M. Willis Monroe

Visualizing Neo-Assyrian Scholars in Python

Just as I was writing this post an author on realpython.com released an excellent overview of using Matplotlib for Python plotting, a highly recommended read!

(Skip to the historical context below)

SAA 8 15 Cuneiform letter from Issar-šumu-ereš to the king (http://oracc.museum.upenn.edu/saao/saa08/P336444/html)

Introduction:

In the past couple of years I’ve been trying to meld my long history of casually programming Python with my scholarly work on scribes and knowledge from the cuneiform world.  This has translated more recently into a couple of papers at conferences and a forthcoming chapter in a book.  However, as most scholars would probably relate, much of the programming “research” happens at the very last-minute; either in the closing days of an abstract deadline or in the weeks leading up to a conference.  I decided I wanted to spend a little bit of time thinking about how I gather and process data, so that next time I’m crunched between a deadline and results I can lean on some of the techniques I’ve worked to perfect.

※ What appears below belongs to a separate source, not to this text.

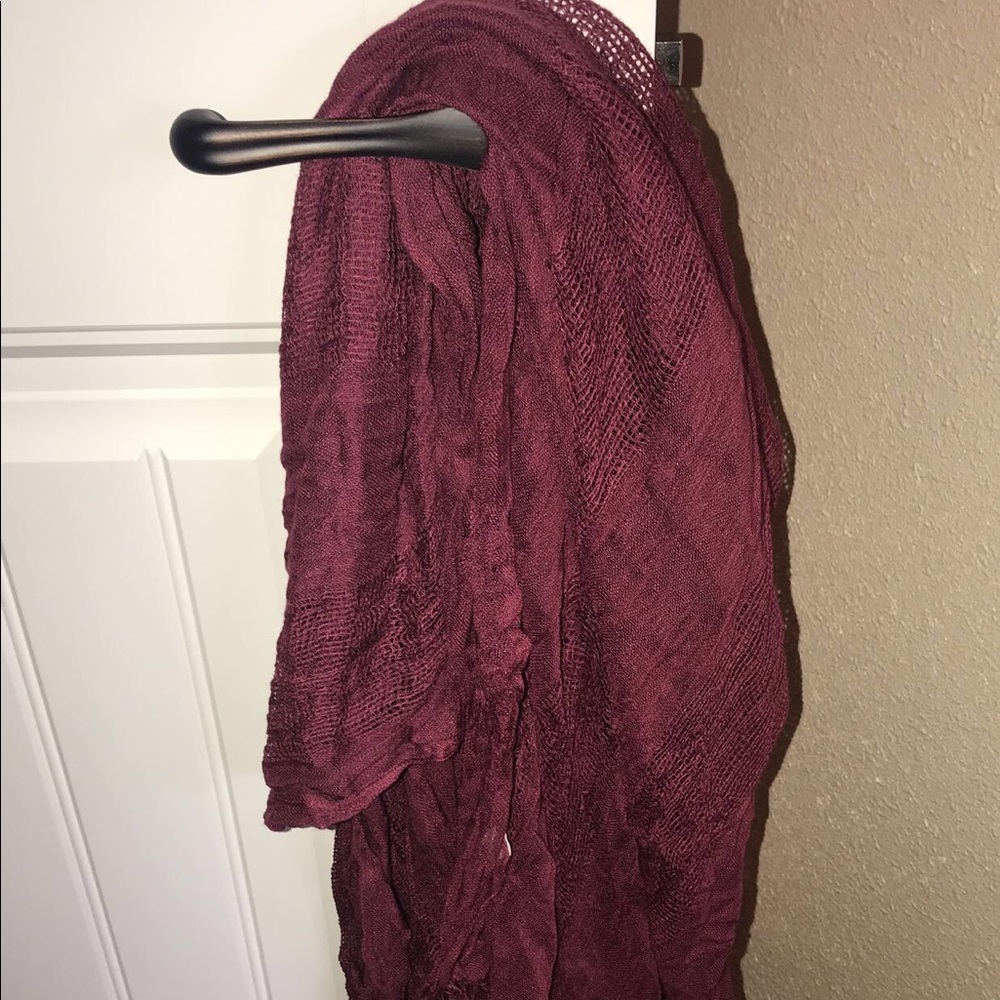 maroon scarf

To that end, I picked up two of the catalogs of texts from the open-access ORACC project State Archives of Assyria online.  I chose catalogs from volume 8, as it’s a personal favorite of mine (Astrological Reports to Assyrian Kings by Herman Hunger), and volume 10 (Letters from Assyrian and Babylonian Scholars by Simo Parpola) because it also includes letters from scholars.  These scholars were principally writing to the king to address questions and concerns he might have had about the fate of himself as well as of the land and country. The scholars used a variety of methods to answer his queries, often referencing handbooks of important omens. We can use these catalogs to investigate who was writing the king when and try to place these patterns in their historical contexts.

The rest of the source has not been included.